Cafouillages dans le Pvi : La reddition de comptes des ministres attendue

Publié le par L'informateur

L’exécutif béninois est au plus mal dans sa réforme du programme de vérification des importations nouvelle génération. Le partenaire, Bénin control reste sourd au dialogue du gouvernement. Pourtant, le bilan de la mise en œuvre de cette réforme est plus que mitigé. Comment le chaos au port autonome de Cotonou a-t-il été perpétré ? A moins de faire la lumière sur ce dossier, le gouvernement en prend pour son grade. Les lamentations et les appels à la conciliation de Patrice Talon entachent la crédibilité de la gestion de la République.

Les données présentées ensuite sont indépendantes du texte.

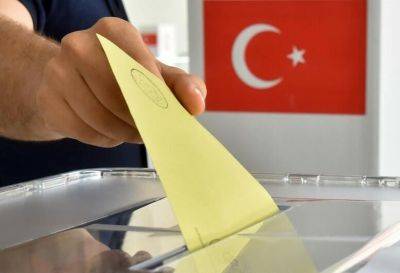 В Турции началось голосование на муниципальных выборах - trend.az - Турция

« Il ressort que le moment est venu pour l’Etat, garant constitutionnel de l’intérêt général, de prendre ses responsabilités en vue de faire prévaloir  une bonne gestion et une bonne gouvernance de cet instrument. » ainsi s’intitule un extrait du communiqué du gouvernement signé par le secrétaire général du gouvernement, Eugène Dossoumou. C’est bien de prendre ces responsabilités quand la situation est critique et menace l’un des « poumons » de l’économie nationale. Cependant, cette situation est un peu facile quand on sait que gouverner c’est prévoir. En ceci, il est important de faire la part des choses ; remonter en amont pour voir les cadres et ministres qui ont travaillé à la mise en œuvre de ce qu’il convient aujourd’hui d’appeler la planche pourrie du gouvernement.

Ils ont failli

Le constat est éloquent. La réforme du programme de vérification des importations nouvelle génération ne rend pas le port plus compétitif. Bien au contraire, elle assèche drastiquement les caisses de l’Etat béninois. Après un an de sa mise en pratique, les conséquences sont : baisse des recettes, inflation sur le marché…. Dans le même temps, l’opérateur économique sans tire à bon compte. Les bénéfices de son investissement sont chiffrés en dizaine de milliards de francs Cfa par an. On veut bien que ce soit un béninois. Mais combien de foyers bénéficient de cette manne financière. Pour le bilan on peut s’arrêter au conseil des ministres du 02 mai dernier : «   Les désaffections des acteurs portuaires ont entraîné une baisse d’environ 18% des importations du nombre de véhicules d’occasion au Port de Cotonou pour la période de décembre 2011 à février 2012 tandis que des ports voisins ont connu dans la même période une augmentation de trafic de près de 25%. »

De fait le bilan est catastrophique. Au départ de sa mise en application à la date du 09 février 2011, trois ministres se sont penchés sur le dossier. Le ministre de l’économie maritime, Abimbola, aujourd’hui ministre de la culture, le ministre des finances et de l’économie d’alors, Mathys Adidjatou – emportée depuis par le décaissement de 12 milliards à l’Aic, présidé par le même opérateur- et le technocrate premier ministre Pascal Iréné Koupaki.

Aujourd’hui tout ce beau monde se tait. Laissant le dossier sur le bras de Valentin Djenontin qui se démène comme un diable avec ce dossier dont il a hérité après le réaménagement technique. Encore qu’il est certain qu’il va y laisser des plumes. Tellement le dossier est lourd et embrigade l’économie nationale.

Sous d’autres cieux les conclusions s’imposeraient d’elles-mêmes. Pour ne pas mettre plus à mal l’image du gouvernement, les responsabilités seraient situées.